## WHAT YOU ARE ASKED TO DO
The answer must consist solely of the lines from the line with "Tawkami Vines fülbevaló, Ékszer, Fülbevaló, Lógó" to the end of the data below, transcribed exactly and with no pictures.

## SOURCE MATERIAL
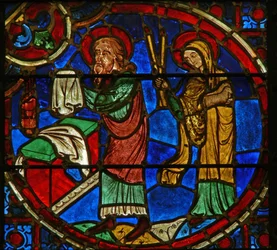 Fenster mit Darstellung von Elisa und der Witwe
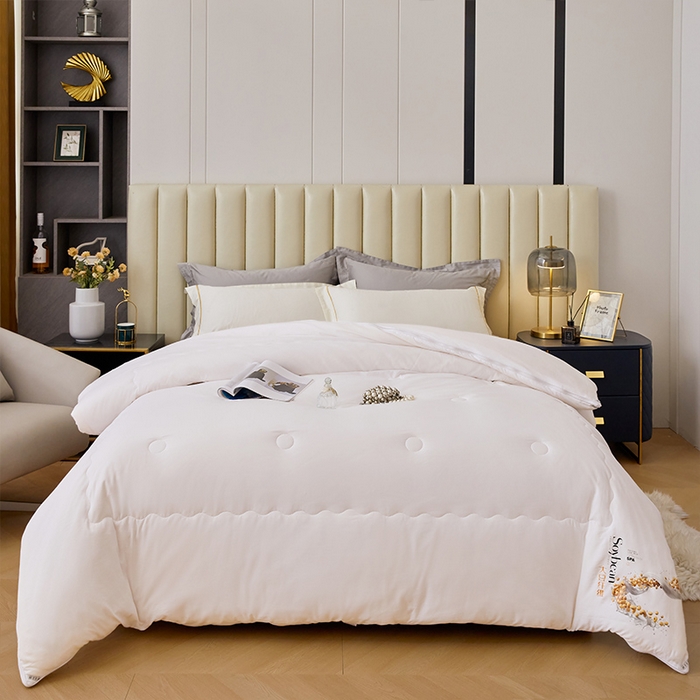 91家纺网 家纺一手货源 找家纺 VIP被业 2025新款简约芯享生态棉双胎子母被被子被芯（拉链款） 白色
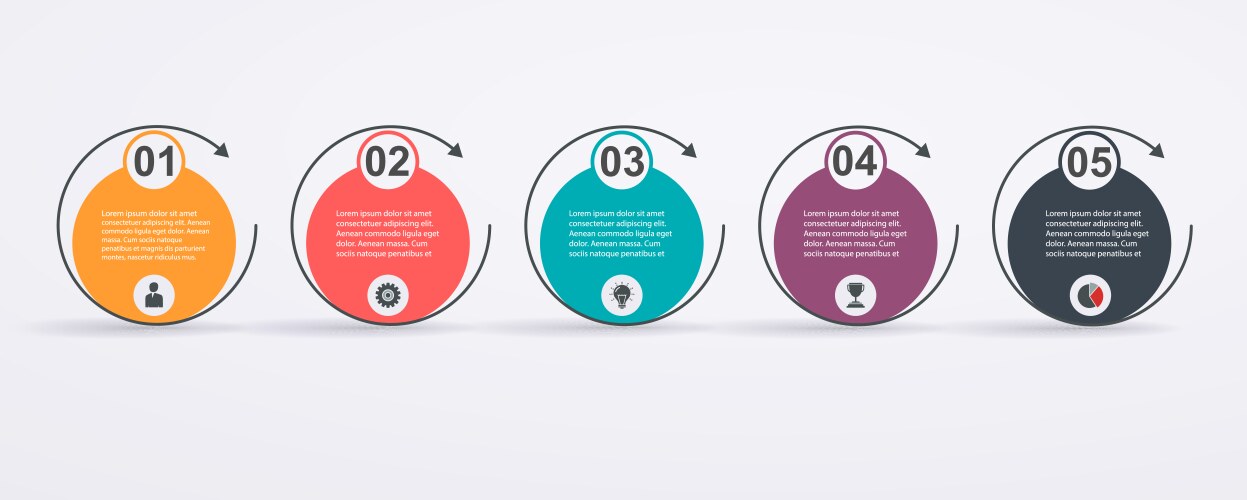 Infographic design template with 5 step structure vector image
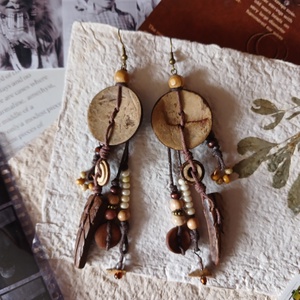 Tawkami Vines fülbevaló, Ékszer, Fülbevaló, Lógó fülbevaló, Gyöngyfűzés, gyöngyhímzés, Csomózás, MESKA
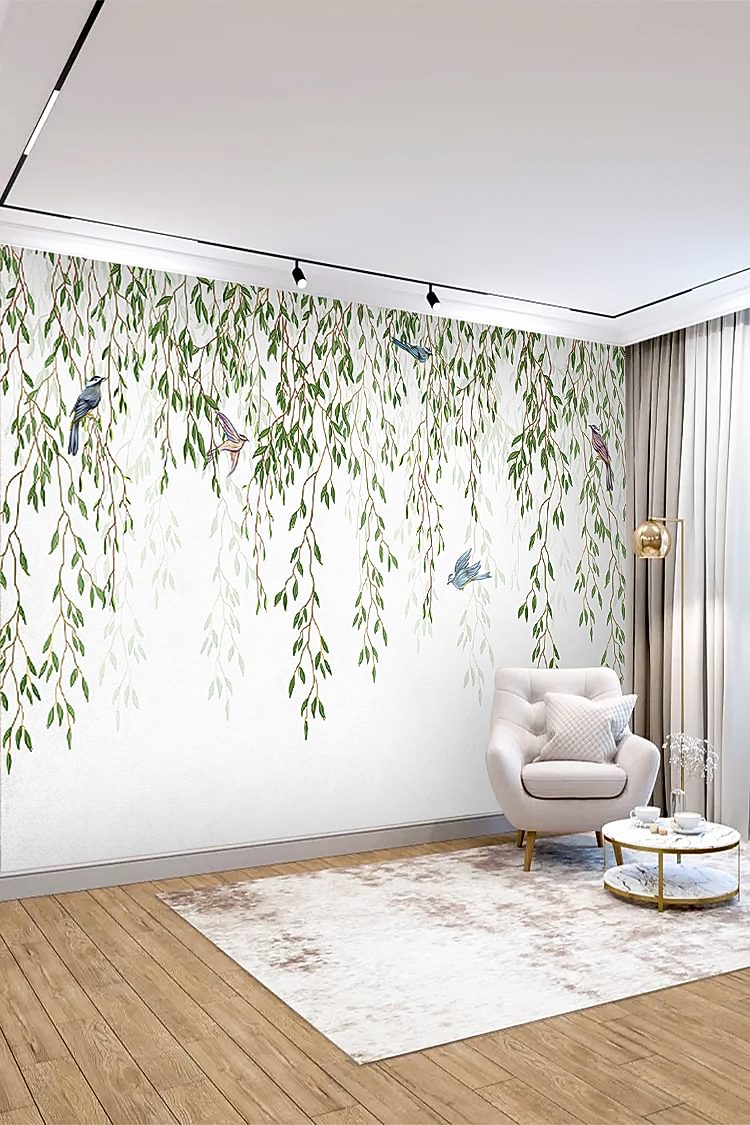 Asma Dalı ve Kuş Desenli Duvar Kağıdı - Görsel 3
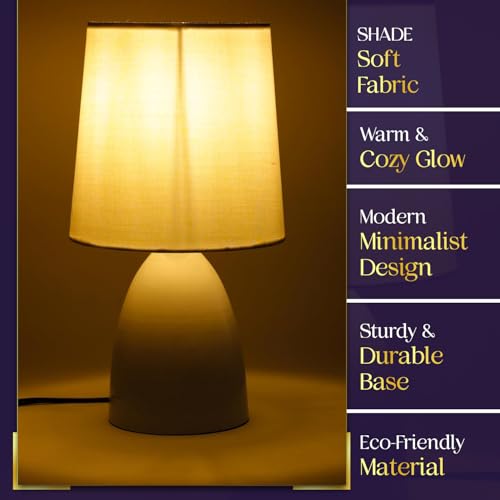 Image of Lexton Table Lamp with Fabric Shade | Bedside Night Lamp for Bedroom Living Room | Inline Switch | Decorative Desk Lamp for Study Table Office & Home Decor | White (Pack of 1)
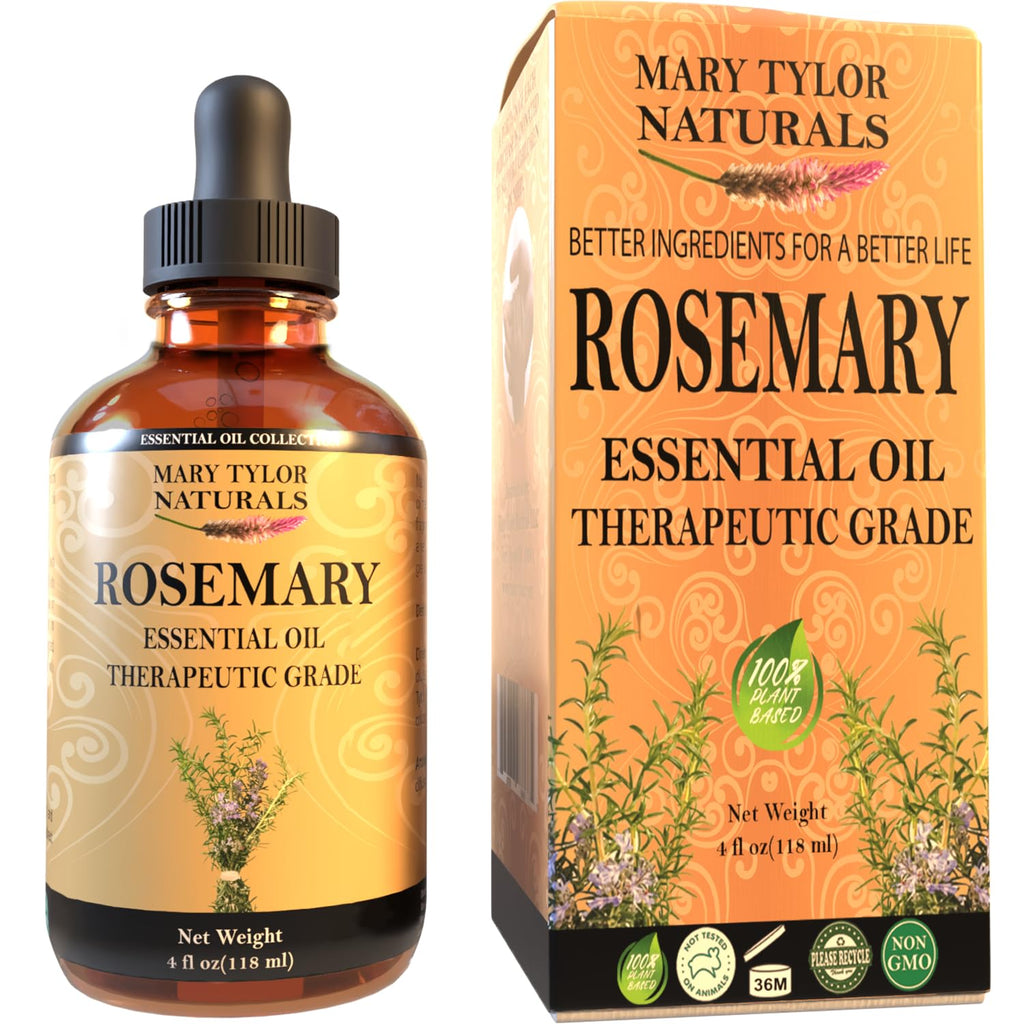 Rosemary Essential Oil (4 oz) Premium Therapeutic Grade – 100% Pure & Natural | Mary Tylor Naturals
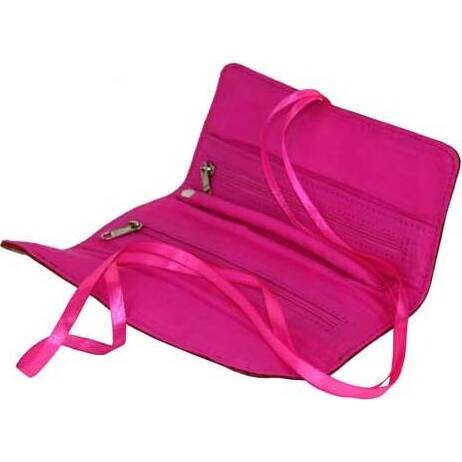 Leather Jewellery Roll Pink Dott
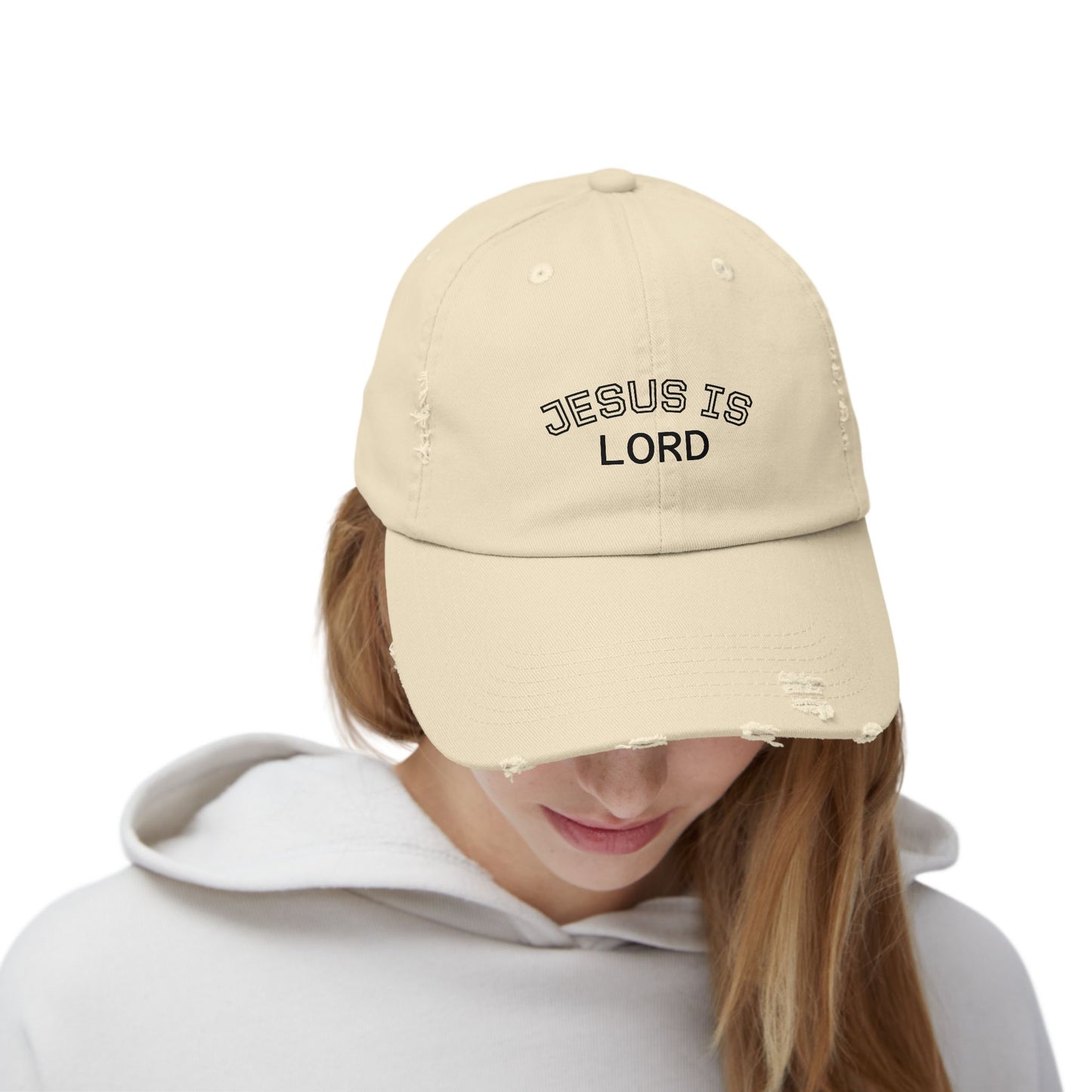 Faith-Inspired Unisex Distressed Cap - Casual Hat, Christian Apparel, Stylish Gift, Summer Accessory, Everyday Wear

## WRITTEN RESPONSE
 Tawkami Vines fülbevaló, Ékszer, Fülbevaló, Lógó fülbevaló, Gyöngyfűzés, gyöngyhímzés, Csomózás, MESKA
 Asma Dalı ve Kuş Desenli Duvar Kağıdı - Görsel 3
 Image of Lexton Table Lamp with Fabric Shade | Bedside Night Lamp for Bedroom Living Room | Inline Switch | Decorative Desk Lamp for Study Table Office & Home Decor | White (Pack of 1)
 Rosemary Essential Oil (4 oz) Premium Therapeutic Grade – 100% Pure & Natural | Mary Tylor Naturals
 Leather Jewellery Roll Pink Dott
 Faith-Inspired Unisex Distressed Cap - Casual Hat, Christian Apparel, Stylish Gift, Summer Accessory, Everyday Wear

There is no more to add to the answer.